La paja y los utensilios (Retales de la Historia - 72)

Por Luis Cola Benítez  (Publicado en La Opinión el 2 de septiembre de 2012).

 

          Hay que ver qué cosas ocurrían en el Santa Cruz decimonónico, cuando su corporación municipal se las veía y deseaba parta hacer frente a las más elementales necesidades, sin contar con los imprescindibles recursos para ello. Al principio no se disponía de rentas propias y sólo amortiguaba mínimamente las necesidades el haber del peso y el derecho de aguada, ambos cobrados por la Aduana, cuya liquidación era frecuentemente retenida por la Real Hacienda para cubrir los atrasos de contribuciones.

          En este escenario, el impuesto de paja y utensilios se creó con el objeto de obtener fondos para los gastos de cama, luz, aceite, leña, vinagre y sal que causaba el alojamiento de las tropas en los pueblos y la paja que consumía la caballería. Eran tiempos de guerras peninsulares, con continuos desplazamientos de unidades militares, cuyos gastos de alojamiento recaían exclusivamente en los pueblos por los que pasaban y, haciendo general el impuesto, se pretendía que toda la nación contribuyera a estos gastos. Pero aquí se vivía en paz y no se daba el trasiego de tropas que había en la Península, y se daba por hecho que en la excepción recogida para las llamadas provincias pobres quedaba incluida Canarias, igual que lo estaban Ceuta y Melilla. Pero no pensaba lo mismo el intendente de la Real Hacienda, Manuel Genaro de Villota, quien desde junio de 1829 pretendió que el ayuntamiento estableciera esta contribución.

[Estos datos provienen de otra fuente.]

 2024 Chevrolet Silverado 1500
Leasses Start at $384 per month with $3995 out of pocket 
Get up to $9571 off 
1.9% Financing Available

          Era entonces alcalde José Calzadilla y desde un principio, respaldado por su corporación, se resistió a establecer esta nueva carga a un pueblo que padecía una pobreza generalizada, pidiendo al intendente el Real Decreto en que basaba su pretensión recaudatoria para saber cómo había que proceder. Recibido el mismo, se entendió que Canarias no estaba comprendida en la citada contribución y así se expuso al intendente, pero de nada valió. Insistía el funcionario y se resistía el ayuntamiento, que pedía aclaraciones que nunca llegaron, mientras se ratificaba en los acuerdos anteriores alegando que las Islas estaban exentas. Al tropezar una y otra vez con la rotunda negativa, se acordó elevar representación a S. M. para solventar todas las dudas.

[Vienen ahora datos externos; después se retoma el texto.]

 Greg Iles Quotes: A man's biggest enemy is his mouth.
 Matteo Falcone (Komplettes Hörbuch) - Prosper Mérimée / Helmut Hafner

          Pero la paciencia del intendente tenía un límite y en julio del mismo año multó con 1.000 pesos corrientes al Ayuntamiento por no admitir la nueva contribución, pero sin contestar a nada de lo expuesto por la corporación, por lo que se le expuso que no se aceptaría hasta no ver la R. O. por la que se incluía a Canarias, o al menos que se recibiera orden expresa de S. M. La situación llegó a ser tan tensa que el comandante general Francisco Tomás Morales decidió intervenir y presidió una sesión municipal para interceder en el polémico asunto. La corporación en pleno expuso que, por la consideración que le merecía y el mucho aprecio en que tenía a S. E., accedía a comenzar los trabajos para la implantación de la contribución, no sin que el síndico personero propusiera que, aunque se adelantaran los trabajos, no se comenzara a cobrar el impuesto hasta que no llegara la R. O. o la contestación a la exposición elevada al Trono. Como consecuencia de lo acordado, a los pocos días el comandante general trasladaba una comunicación del intendente en la que decía que había ordenado al administrador general de la provincia que suspendiera el procedimiento de apremio y sanción al Ayuntamiento, esperando un pronto ingreso del primer cupo de la contribución.

          Mientras se pedía aclaración sobre plazos de pago y años que se reclamaban, llegó una noticia extraoficial sobre una R. O. de la que se desprendía que Canarias, al estar incluida en las llamadas provincias pobres, quedaba exenta de la contribución de paja y utensilios, sobre lo que se pidió confirmación al intendente. La reacción del funcionario no pudo ser más airada, conteniendo en su oficio frases y conceptos ofensivos para el Ayuntamiento, al que llamaba disidente y acusaba de subversión, por lo que las relaciones volvieron a deteriorarse y, para evitar males mayores, los concejales se mostraron dispuestos a pagar de su bolsillo por prorrateo el primer plazo a ingresar, mientras no se aclararan las dudas existentes. La corporación volvió a ratificarse en todo lo acordado, pero transcurrido año y medio de iniciado el desacuerdo, en diciembre de 1830 llegó la orden de pagar el impuesto que no quedó más remedio que acatar.

          Lo curioso es que, con el paso del tiempo, este extraño impuesto se dedicó a diversos asuntos, como cuando en 1842 contribuyó en parte al arreglo de la plaza de San Francisco. Los concejales percibían un pequeño porcentaje de lo recaudado y, en 1845, cedieron su parte para empedrar varias calles, porque algunos vecinos pobres no podían contribuir con lo que les correspondía por el frente de sus casas. ¿Qué pensarán de esto algunos políticos actuales?